When I was 7 years old my mom and dad taught me my first version of meditation. It was walking meditation, which worked for me because I was always in motion as kids are.
Over the years I was exposed to many types and traditions of meditation. During a difficult time in my 20s when I reconsidered everything, as young people do, I felt confused and lost about how and if to meditation.
I went to teacher in my massage school at the time. He was a deep and introspective gentleman and I asked him how I should approach the problem of not being able to meditate any more. He said, “hold the Brieanna that does not meditate in the palm of your hand as if you are watching her. And love her”.
Meditation returned to my life through medical school but it had a new name in the 1990s, mindfulness based stress reduction. Jon Kabat Zinn’s work in the field was bringing a scientific evidence basis to effectively bringing oneself into the present moment with mind exercises or mindfulness techniques, many of which are forms of meditation. I read several of Jon’s books including my favorite, Wherever You Go, There You Are.
Suddenly I found myself in Pueblo, Colorado, rotating at the state mental health hospital with a brilliant psychiatrist Elizabeth Stuyt M.D. on the dual diagnosis unit for people with drug addiction and mental illness.
Along with all of the therapy and medications and social work that supported people during their court mandated 90 day stay, Dr. Stuyt would assign books to her patients from the center library. The books varied, but a series was on yet another approach to mindfulness, the Heartmath Solution. Heartmath writes a series of books and as a medical student Transforming Stress was the one to which I gravitated.

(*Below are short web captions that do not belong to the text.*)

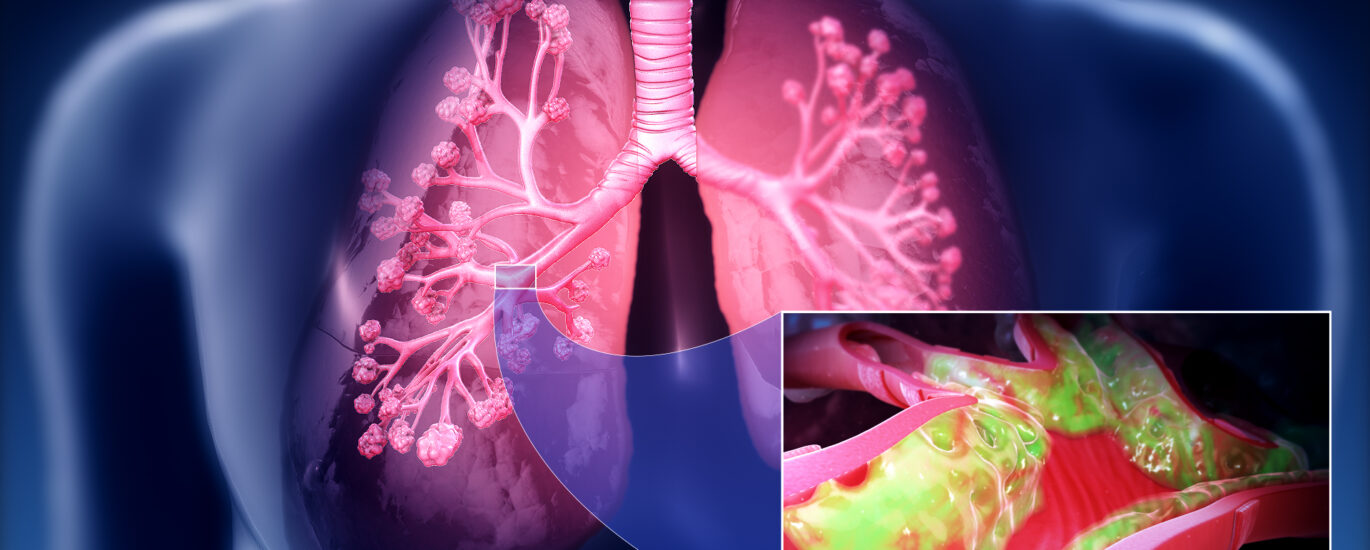 Portal Hypertension Management Market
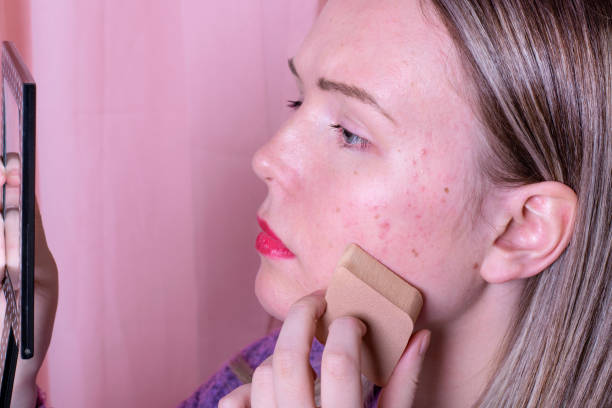 Young woman applying liquid foundation to cover acne, using a makeup sponge and looking in the mirror.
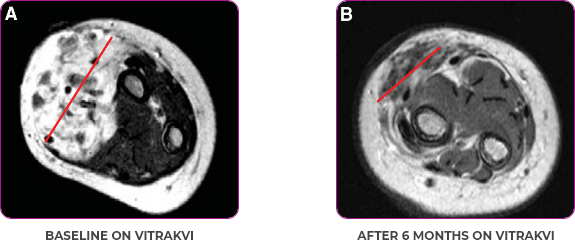 Tumor scan showing reduction in tumor in a 5-month-old with infantile fibrosarcoma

At the end of each chapter was a mindfulness exercise and instructions on how to slow your body down, specifically your heart rate variability to improve our “fight or flight response”. At my next cardiology rotation they were just implementing the Heartmath Solution for patients with heart disease to lower stress because of the great research behind stress reduction that was mounting.
In the last few years, I came across a Time magazine article on mindfulness and started using the app Headspace. It is the latest mindfulness tool that fits into my tool box. As Andy Puddicombe says, meditation is a tool to exercise the muscle of mindfulness. It is not stopping thoughts or getting rid of emotions. It is stepping back and seeing the thoughts clearly with a relax focused mind. Allow thoughts to come and go without all of the fuss. On average our minds are lost in thought 47% of the time. We reinforce the story line when are are “on the roller coaster” of the mind. Our minds are wired for going, doing, looking out of the dangerous and negative.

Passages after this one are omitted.